A theatrical tour de force, heightened by a visual spectacular conjured up by The Old Vic, which hides its weaknesses within a powerful mix of high drama and dark beauty.
One cannot help but be struck by a sense of excitement upon entering The Old Vic and setting eyes on the set for the The Duchess of Malfi staging. It is a towering, multi-level creation: part cathedral; part Italian castello. The air is heavy with the smell of incense; the stage is, quite literally, set for a drama of exaggerated proportions.
It would be almost impossible to stage John Webster's The Duchess of Malfi without a sense of overstatement and slight farce. Webster was, after all, known in his day for his crudity and obsession with blood and guts. The Old Vic's dramatisation makes no attempt to tone this down. Its characterisation may veer sometimes towards the comical, but this mitigates what is otherwise an unrelenting and unapologetic tragedy.

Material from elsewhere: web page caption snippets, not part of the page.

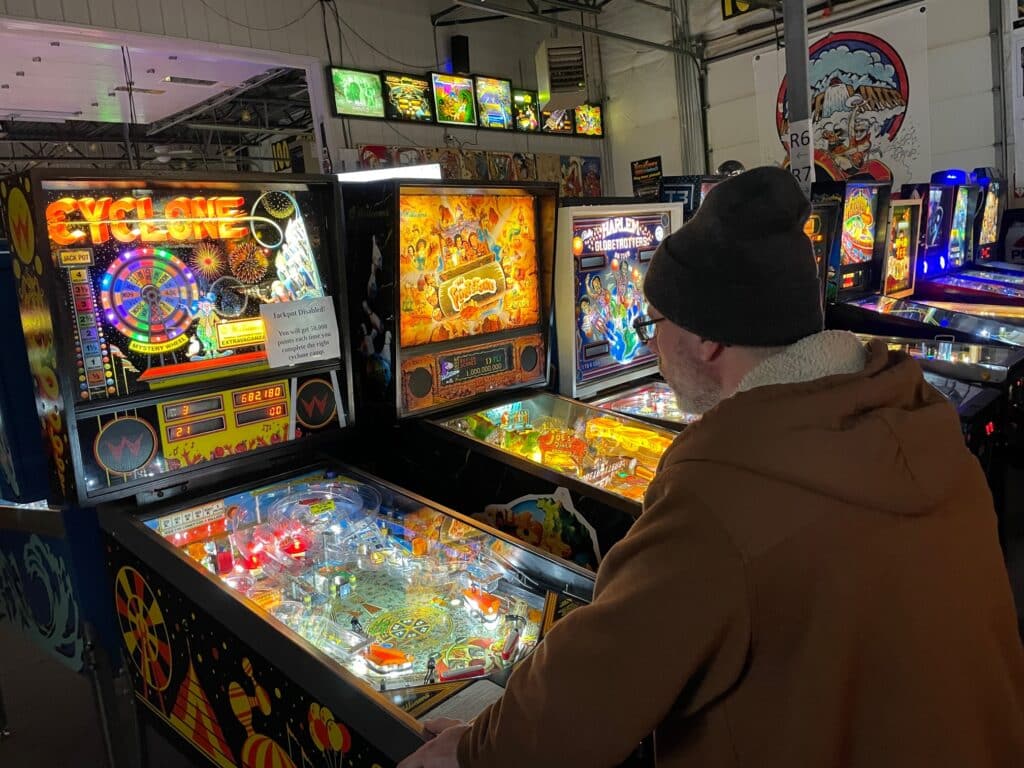 Mike Shlumpf Flintstones Pinball Machine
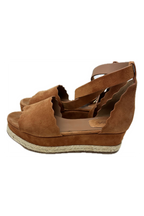 Pre-Owned Chloé- Brown- Sandals- Sz 38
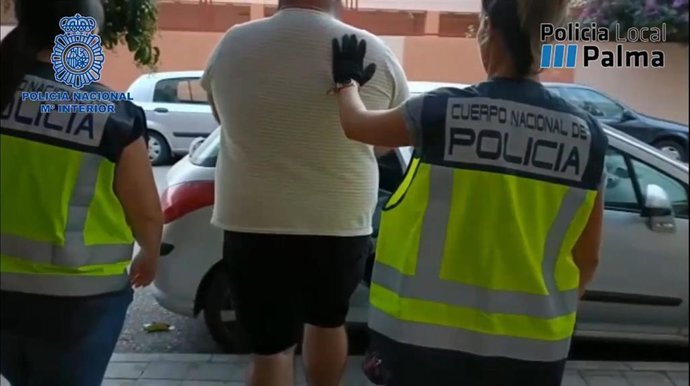 Uno de los detenidos por la Policía Nacional.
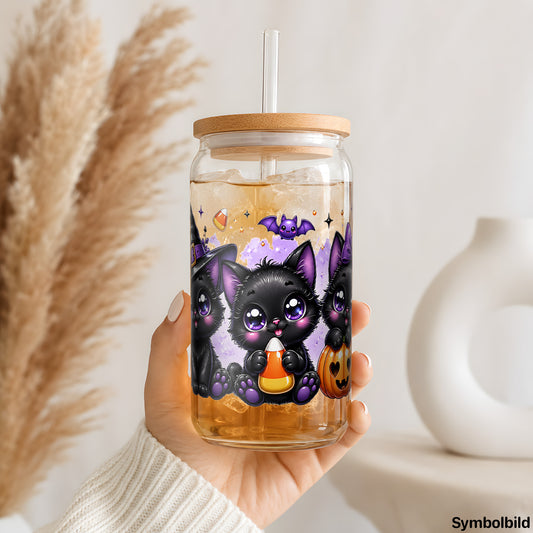 Schwarze Kätzchen zu Halloween als UV-DTF Sticker auf einem 16oz Glasbecher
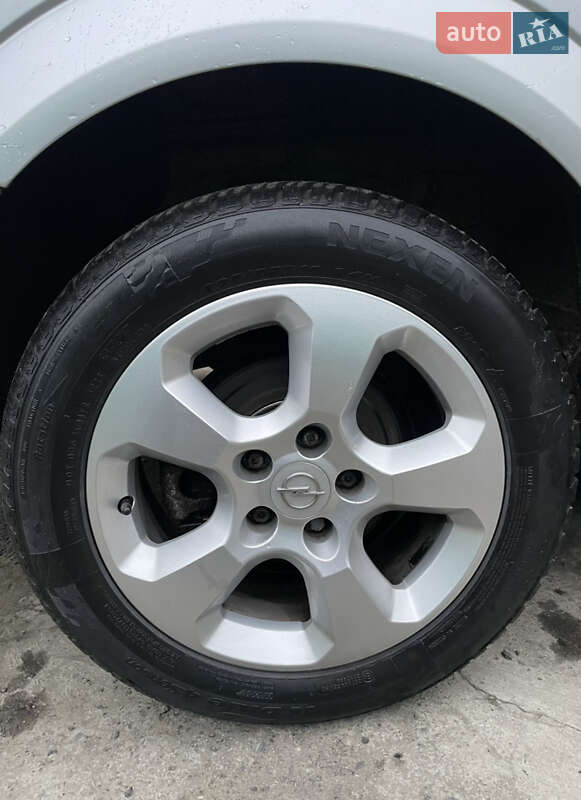 Універсал Opel Astra 2009 в Луцьку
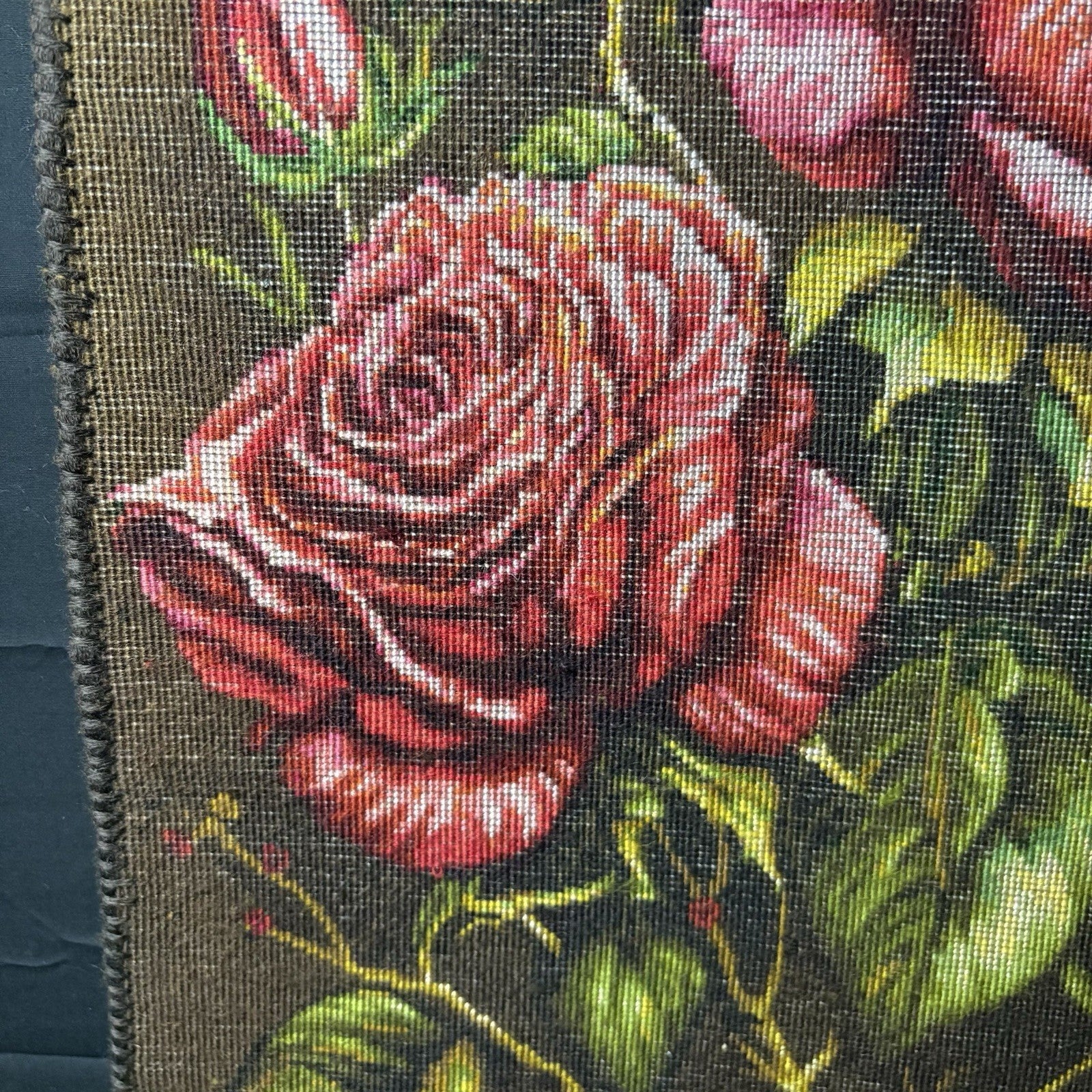 Pictorial Rug Hand Knotted Silk 3-D Roses 24”x16” 240KPSI w/Rug Hangers21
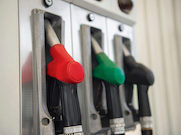 ФАС проверит возможность манипуляции ценами на бензин и дизтопливо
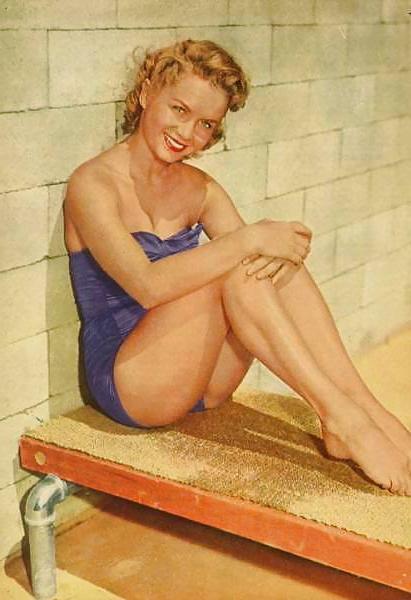 25P DEBBIE REYNOLDS  SUPER SEXY CELEBRITY
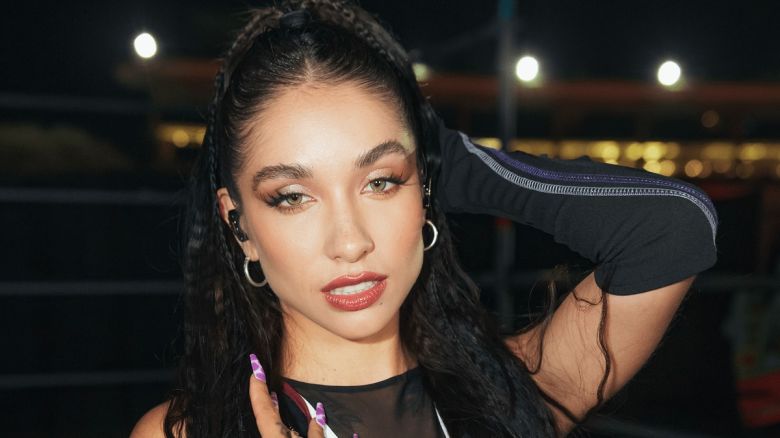 María Becerra cantará en el Time Square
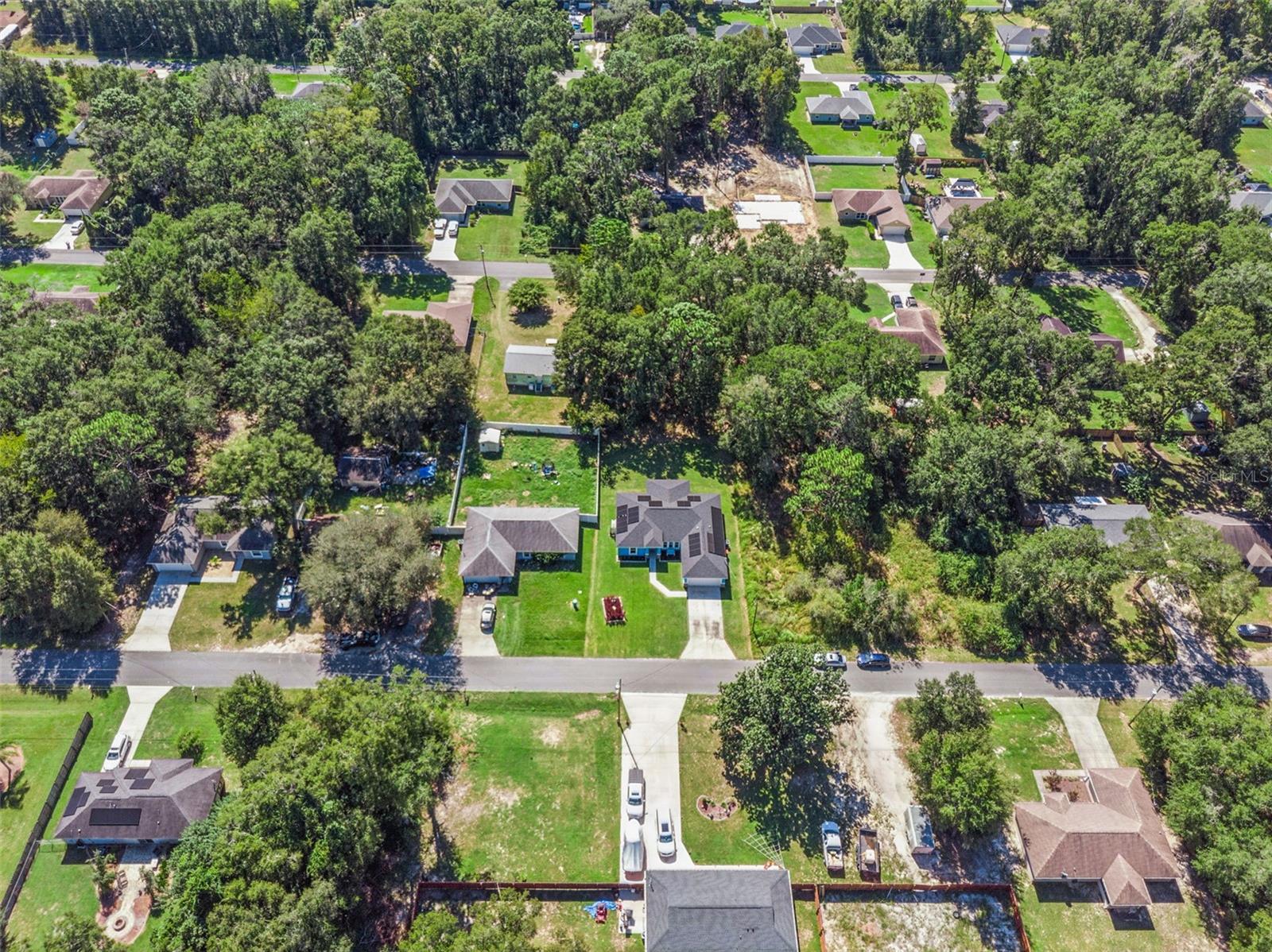 BELLEVIEWS SUNNY SKIES - Residential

The play starts with an eerie, candle lit masked dance in the home of the Duchess of Malfi, played by Eve Best. Best plays the role beautifully, as convincing as the joyous newlywed as she then is as the tragic, helpless heroine. Her two brothers, the Cardinal played by Finbar Lynch and Ferdinand by Harry Lloyd, both achieve what is required of them; a sinister, debased double-act, whose machinations are utterly compelling to watch. Unfortunately, many of the supporting cast fail to match the quality displayed by the main protagonists, as become noticeably apparent as the body count rose. However, even in death, Webster ensured that his lead characters continued to hold the audience's attention, allowing for any weak acting to be quickly forgiven.
This is not a play for the faint-hearted. Scenes of a rather sexual nature, plus some fairly gruesome props, could make for an uncomfortable three hours if you prefer your drama gentle and pared back. Those seeking an evening to remember will not be disappointed.